(Extracted data entries)
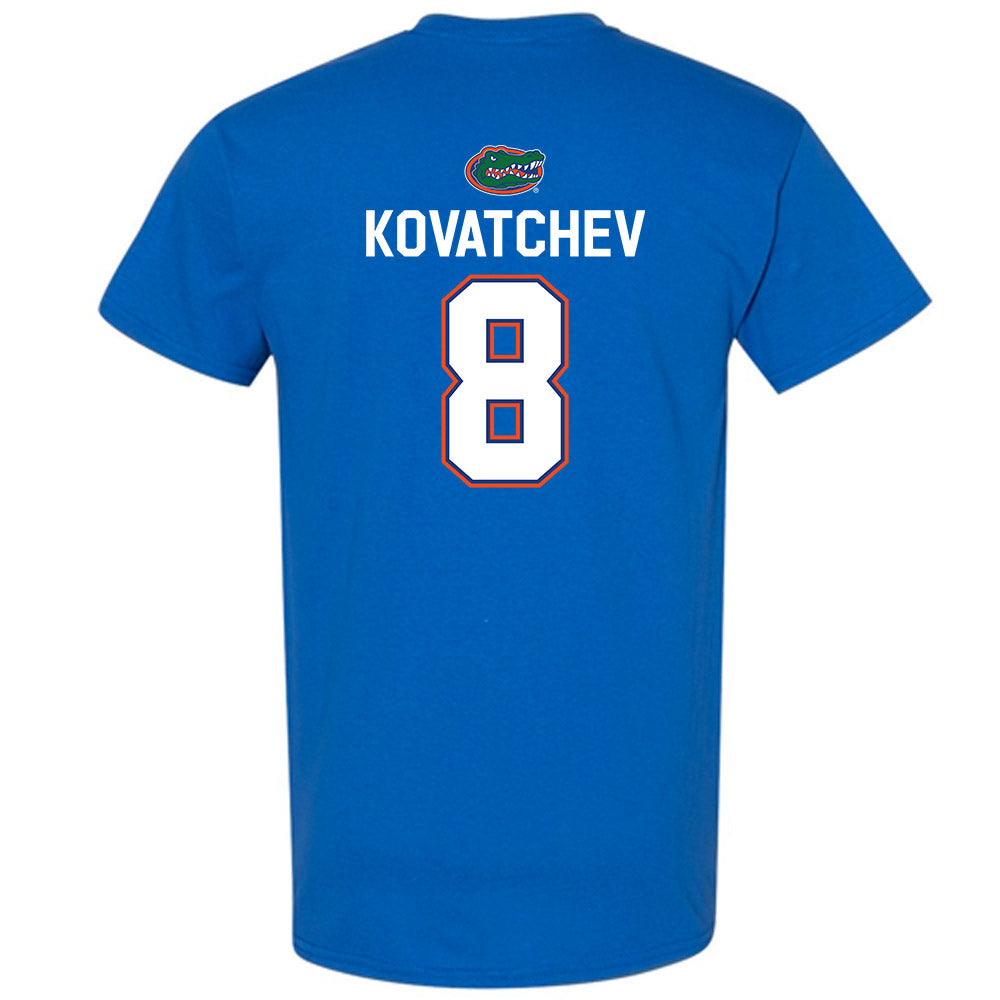 Florida - NCAA Men's Basketball : Alex Kovatchev - Sports Shersey T-Shirt-1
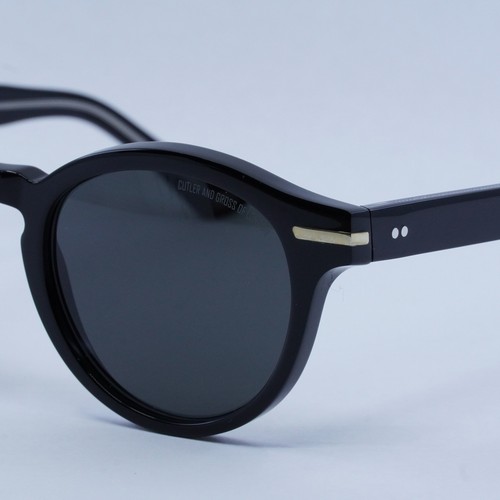 Pre-owned Cutler And Gross Cg1338s 001 Black/grey 51-21-150 Sunglasses In Blue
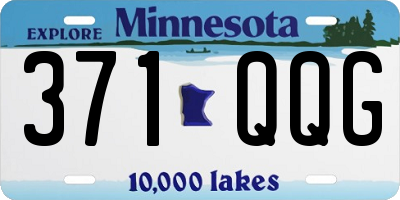 MN license plate 371QQG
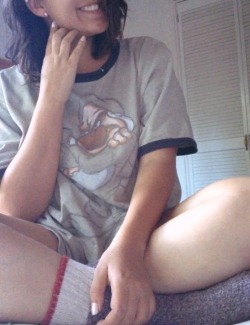 craving-your-sweet-touch:  Aesthetics: big shirts and shitty pics ✨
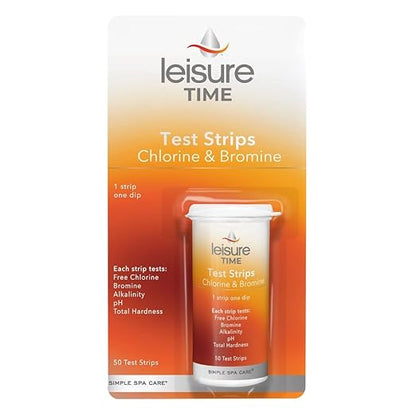 Leisure Time 45006A Spa & Hot Tub Test Strips for Chlorine and Bromine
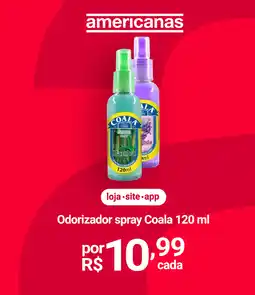 Lojas Americanas Odorizador spray Coala oferta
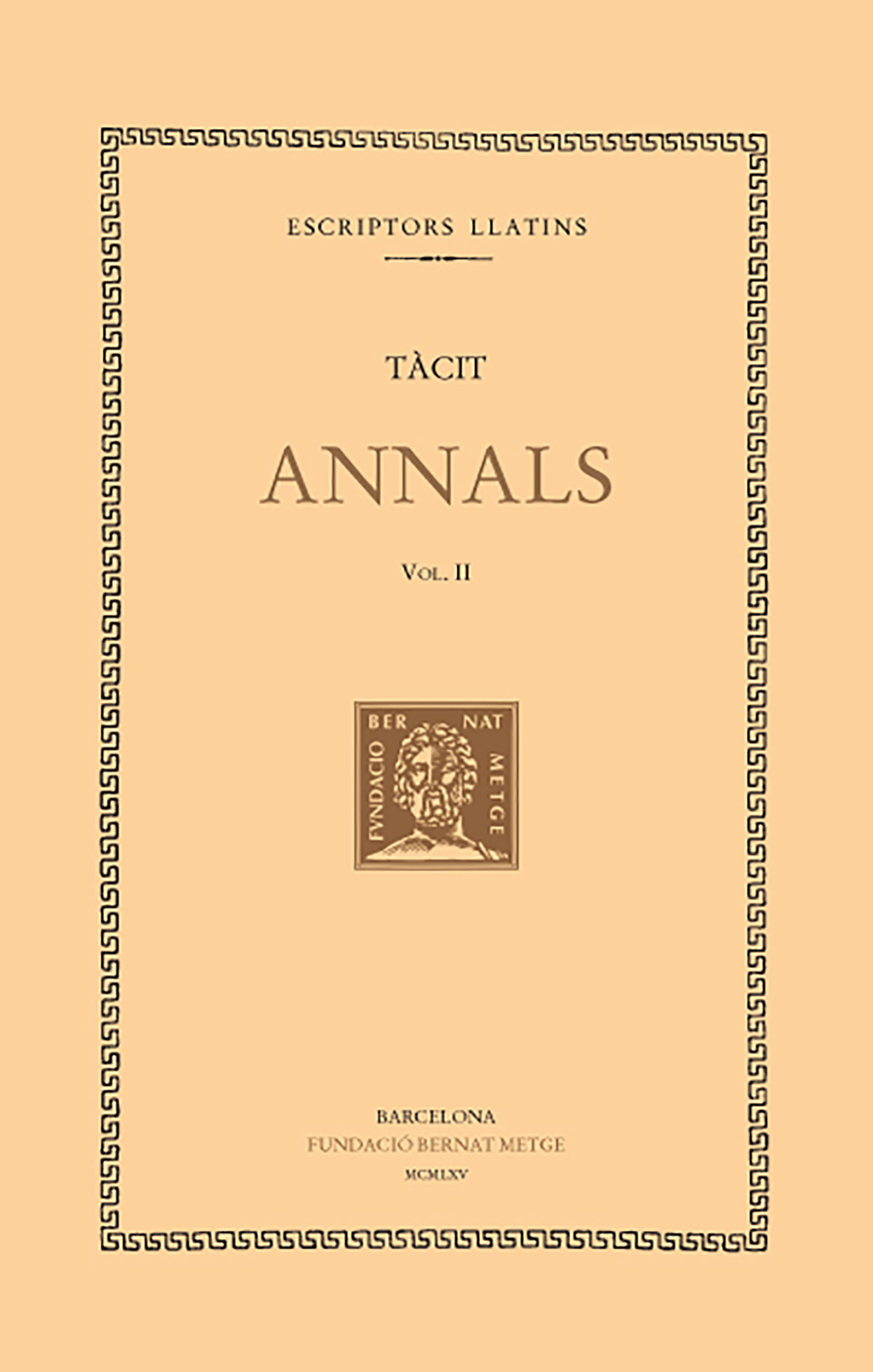 Annals, vol. II: llibres III-IV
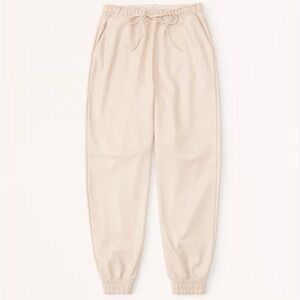 Abercrombie & Fitch Sunday Jogger - Vegan Leather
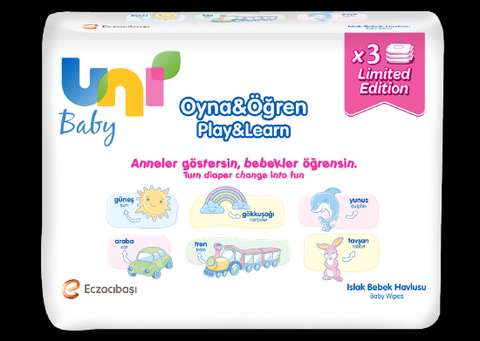 Oyna Öğren Bebek Islak Mendili 156 Yaprak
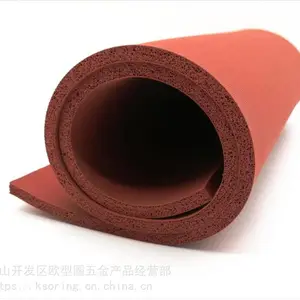 硅胶发泡板耐高温防腐蚀发泡硅胶海绵板硅胶软板多种规格供应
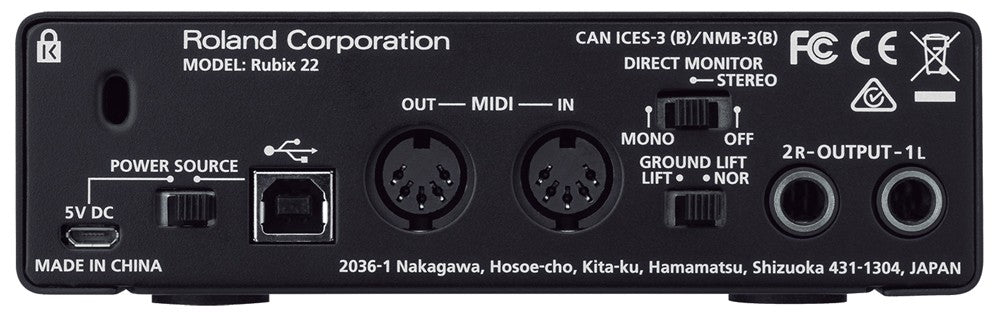 Sound Card Roland Rubix22 Interface De Audio, USb, 2-in /2-out ...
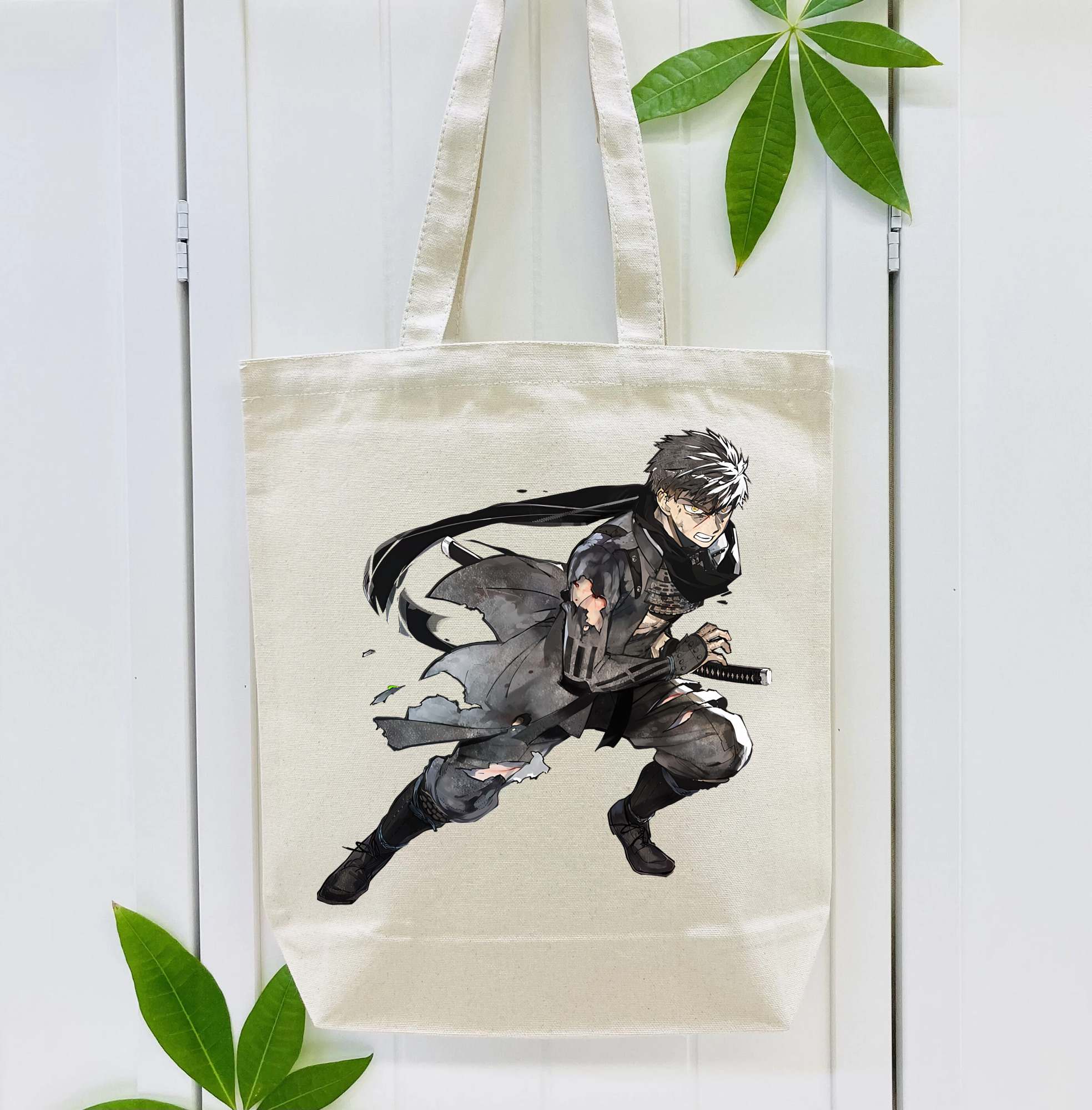 刀剣乱舞 Touken Ranbu 縦型キャンバス生地手提げバッグ　トートバッグ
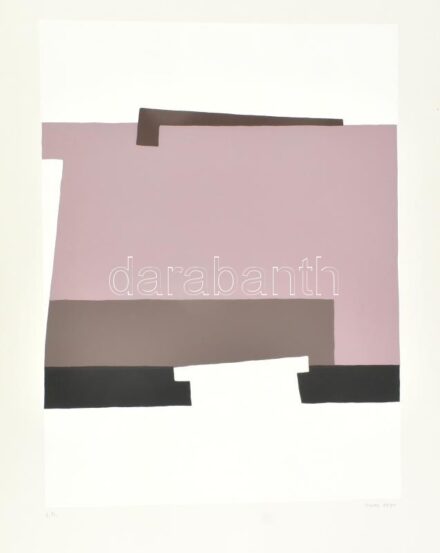 Mark (Márkus), Anna (1928-): Geometrikus kompozíció, 1989. Szitanyomat, papír, jelzett, művészpéldány E.A. jelzéssel. 45,5x34 cm / serigraphy on paper, signed, artist's proof E.A.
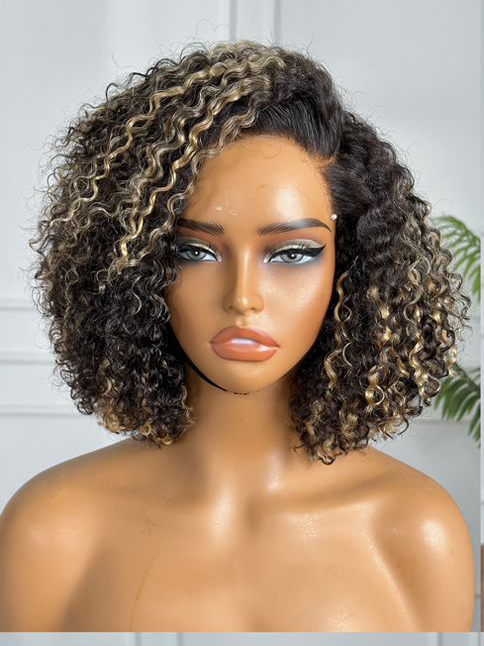 Color Deep Wave Mini Closure – 4” × 4” Lace Closure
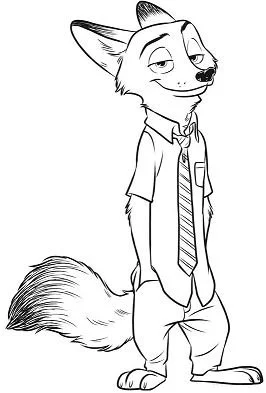 Zootopia Para Colorear 2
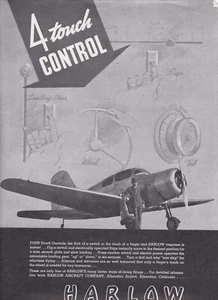 1939 Harlow Aircraft Ad 5/10/2025a - Picture 1 of 1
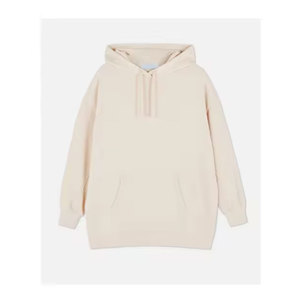 Sudaderas con capucha de algodón liso con logotipo personalizado para mujer, sudadera y sudaderas con capucha ajustadas de alta calidad - Product Image 1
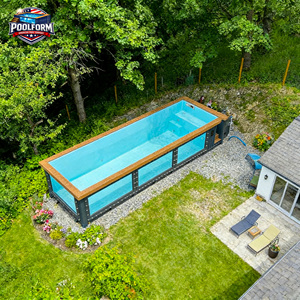 Luxury Outdoor Acrylic Window Plunge <b>Pool</b> Above Ground for Backyard Garden plunge <b>pool</b> one-piece <b>pool</b> - Product Image 5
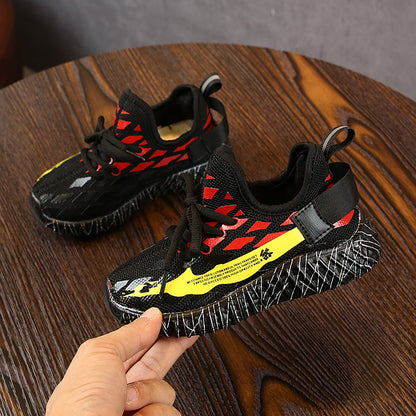 Kids Sneakers Autumn Mesh Children Sport Shoes Tenis Infantil Lightweight Boy Footwear Fashion Breathable Girls Chaussure Enfant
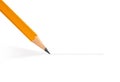 Pencil draws a straight line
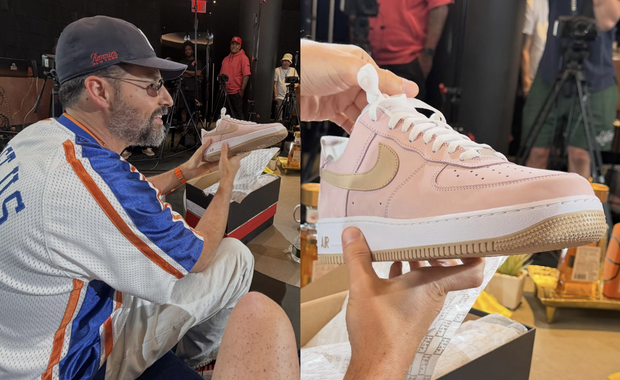 Kith x Nike Air Force 1 Low Reverse Linen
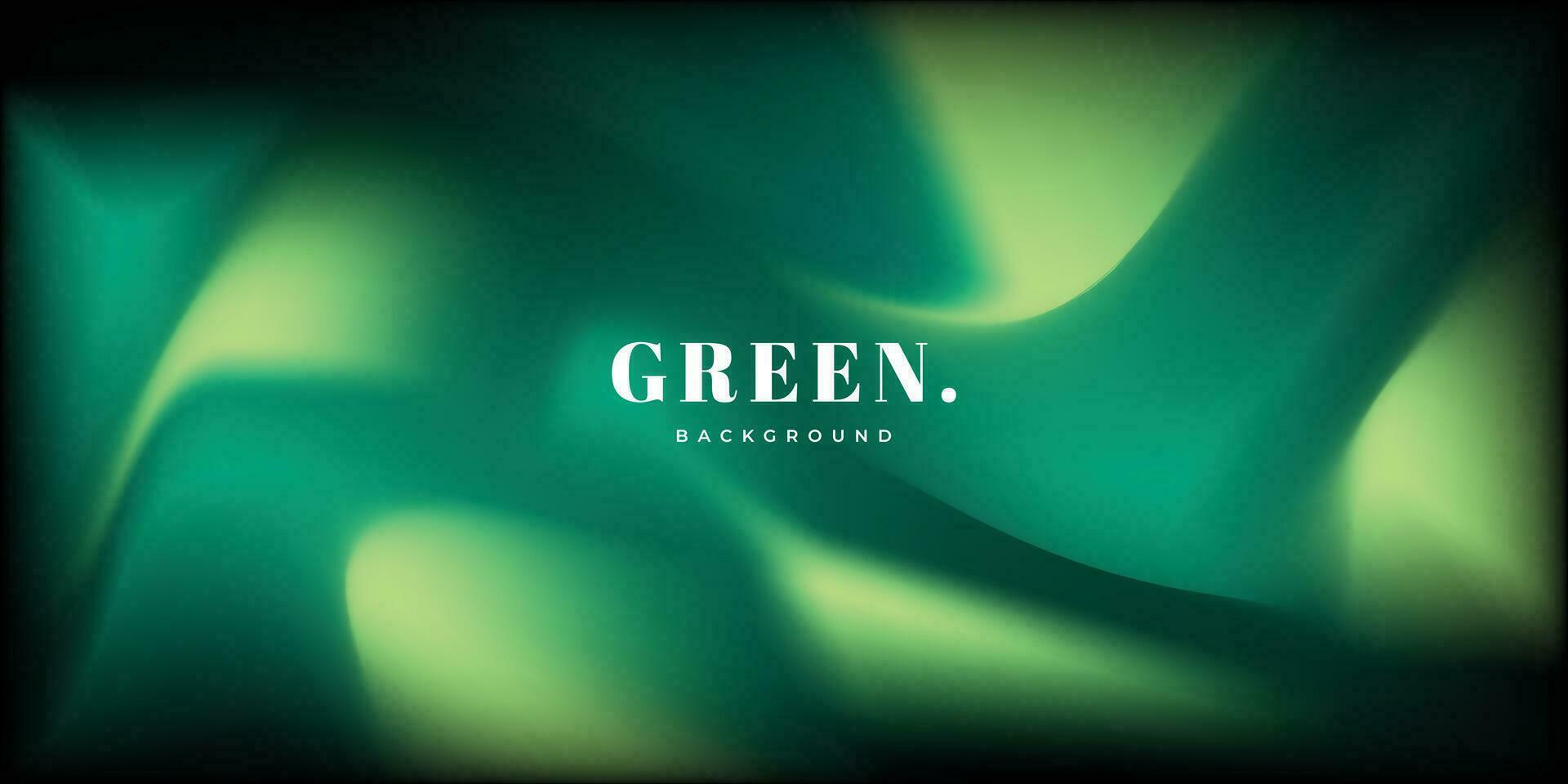 Green fluid gradient mesh background template copy space. Colour gradation backdrop design for magazine, poster. banner, landing page, brochure, cover, website, leaflet, or flyer. vector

— Work required —
Both the line containing "Zootopia Para Colorear 2" and the last line of the records above belong in the exact copy, along with every line between them; pictures do not.

— Response below —
 Zootopia Para Colorear 2
 1939 Harlow Aircraft Ad 5/10/2025a - Picture 1 of 1
 Sudaderas con capucha de algodón liso con logotipo personalizado para mujer, sudadera y sudaderas con capucha ajustadas de alta calidad - Product Image 1
 Luxury Outdoor Acrylic Window Plunge <b>Pool</b> Above Ground for Backyard Garden plunge <b>pool</b> one-piece <b>pool</b> - Product Image 5
 Kids Sneakers Autumn Mesh Children Sport Shoes Tenis Infantil Lightweight Boy Footwear Fashion Breathable Girls Chaussure Enfant
 Pencil draws a straight line
 Kith x Nike Air Force 1 Low Reverse Linen
 Green fluid gradient mesh background template copy space. Colour gradation backdrop design for magazine, poster. banner, landing page, brochure, cover, website, leaflet, or flyer. vector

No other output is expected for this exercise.